In contrast, Internet backup sites (e.g., www. backuphelp.com), avoid this inconvenience by locating the tape or other media drive in the warehouse itself and by using the Internet instead of a truck to transfer the backup data. Customers need only install the supplied backup software to be assured that, so long as their system remains connected to the Internet, their data will be automatically backed up daily2 without any further action on their part. These sites charge by the month based on the amount of data being backed up. For example, a typical fee today to backup up one gigabyte of data is fifty US dollars a month (see Section 5.1).
In this paper we propose a new Internet-based backup technique that appears to be one to two orders of magnitude cheaper than existing Internet backup services. Instead of relying on a central warehouse holding removable media, we use a decentralized peer-to-peer scheme that stores backup data on the participating computers' hard drives.
To provide for off-site storage, we arrange for pairs of geographically-separated participating computers (partners) to swap equal amounts of disk space--a fair trade. To compensate for the fact that Internet PCs are much less reliable than a tape stored in a secure facility, we have each computer partner multiple times so it can spread its backup data in a redundant manner across many machines. By using a large number of partners per computer, we can ensure high reliability with low space overhead.

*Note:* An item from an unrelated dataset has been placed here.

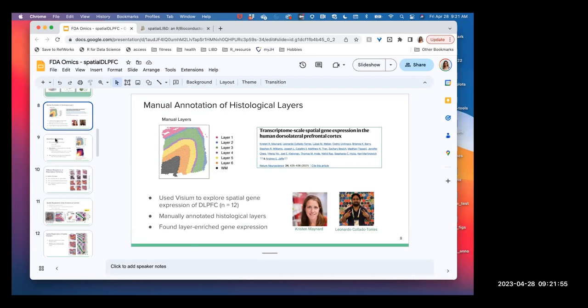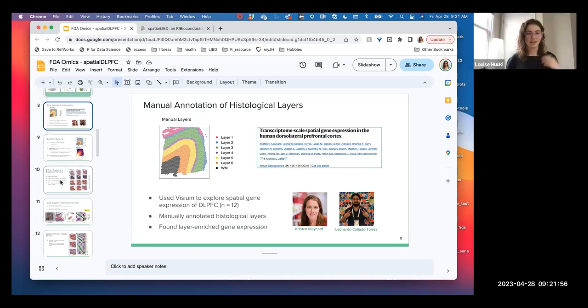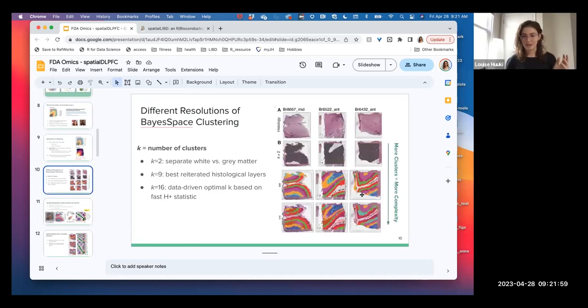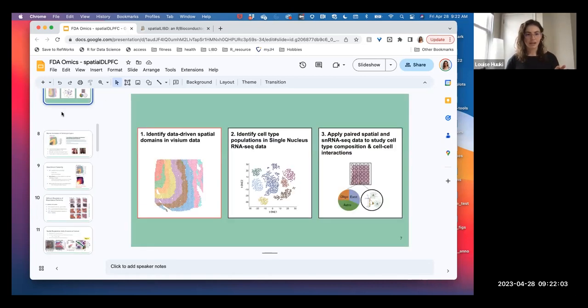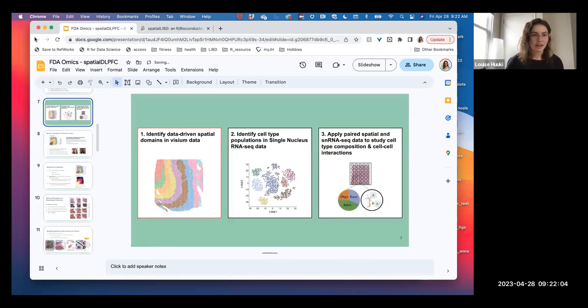There are 12 of these sections that have the same type of data that we can use all together. And then in the new project we have 30, so it's like different slices of brain.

Our scheme requires the cooperation of the participating computers: computers depend on their partners to hold their data and make it available when needed. In an uncontrolled environment like the Internet, such cooperation cannot be taken for granted. Non-cooperation must be discouraged by making it unprofitable. We use several novel methods to do this, including the use of periodic random challenges to ensure partners continue to hold data (partners that fail are abandoned in favor of new partners) and the use of disk-space wasting to make fake crashes unprofitable.

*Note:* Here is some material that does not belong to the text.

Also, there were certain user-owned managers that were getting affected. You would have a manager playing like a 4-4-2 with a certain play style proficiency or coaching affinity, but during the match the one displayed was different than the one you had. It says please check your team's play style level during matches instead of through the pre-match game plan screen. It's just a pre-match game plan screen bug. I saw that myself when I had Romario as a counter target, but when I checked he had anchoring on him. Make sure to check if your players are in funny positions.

The remainder of this paper is organized as follows: Section 2 describes a simplified version of our scheme that assumes cooperation can be taken for granted. It is well suited for systems that are intended to be deployed within a single company. Section 3 tells how to extend the simplified scheme to an environment where cooperation cannot be assumed, such as the Internet, by adding various security mechanisms. Section 4 presents results from an initial prototype. Section 5 compares our system to existing Internet backup sites as well as traditional backup techniques. Section 6 covers related work. Finally, we present our concluding remarks in Section 7.